Light-Weight Fault Tolerant Attention for Large Language Model Training

Yuhang Liang,Xinyi Li,Jie Ren,Ang Li,Bo Fang,Jieyang Chen
2024-10-16
Abstract:Large Language Models (LLMs) have demonstrated remarkable performance in various natural language processing tasks. However, the training of these models is computationally intensive and susceptible to faults, particularly in the attention mechanism, which is a critical component of transformer-based LLMs. In this paper, we investigate the impact of faults on LLM training, focusing on INF, NaN, and near-INF values in the computation results with systematic fault injection experiments. We observe the propagation patterns of these errors, which can trigger non-trainable states in the model and disrupt training, forcing the procedure to load from checkpoints. To mitigate the impact of these faults, we propose ATTNChecker, the first Algorithm-Based Fault Tolerance (ABFT) technique tailored for the attention mechanism in LLMs. ATTNChecker is designed based on fault propagation patterns of LLM and incorporates performance optimization to adapt to both system reliability and model vulnerability while providing lightweight protection for fast LLM training. Evaluations on four LLMs show that ATTNChecker on average incurs on average 7% overhead on training while detecting and correcting all extreme errors. Compared with the state-of-the-art checkpoint/restore approach, ATTNChecker reduces recovery overhead by up to 49x.
Distributed, Parallel, and Cluster Computing,Machine Learning
What problem does this paper attempt to address?
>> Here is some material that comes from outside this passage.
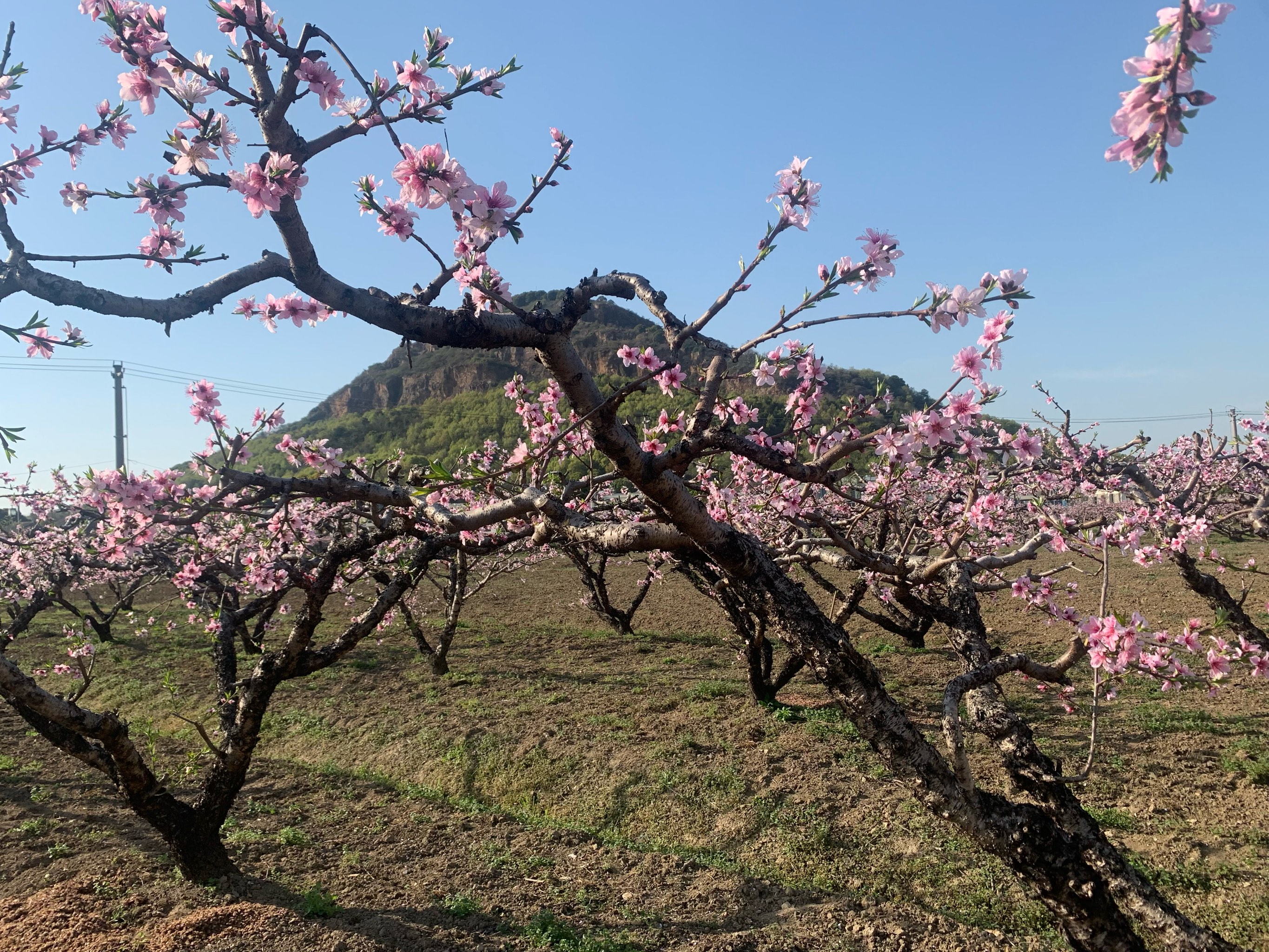 阳山桃花图片图片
The paper attempts to address the issue of extreme errors such as INF (infinity), NaN (not a number), and approximate INF values in the attention mechanism during the training of large-scale language models (LLMs) due to hardware failures. These errors not only disrupt the trainability of the model but also force the training process to reload from checkpoints, thereby increasing time and resource costs. To solve these problems, the authors propose a new algorithm-level fault tolerance technique (ABFT), namely ATTNChecker, specifically designed for the attention mechanism in LLMs. It aims to detect and correct anomalies in real-time, prevent further error propagation, reduce reliance on checkpoint recovery methods, and improve training efficiency. Specifically, the main contributions of the paper include: 1. For the first time, a comprehensive fault injection and error propagation study of INF, NaN, and approximate INF errors in the attention mechanism, and the first analysis of the vulnerability of these errors in critical operations. 2. The design of an extreme error correction ABFT (EEC-ABFT) that can effectively handle INF, NaN, and approximate INF errors. This is the first highly optimized ABFT technique capable of handling errors in various scenarios, including propagation errors, unpredictable patterns, and mixed error types. 3. The development of the first comprehensive soft error protection scheme for the attention mechanism based on EEC-ABFT—ATTNChecker. This scheme is specifically optimized for all major operations in the attention mechanism to adapt to system reliability and model vulnerability, enabling existing LLMs to achieve reliability improvements with minimal modifications. 4. The integration of ATTNChecker into the PyTorch framework. Evaluation results show that ATTNChecker increases training overhead by an average of 7% but achieves a 100% extreme error detection and correction rate. Compared to state-of-the-art recovery techniques, ATTNChecker reduces recovery overhead by up to 49 times. Through these contributions, the paper aims to improve the reliability and efficiency of large-scale language model training, reducing training interruptions and resource wastage caused by hardware failures.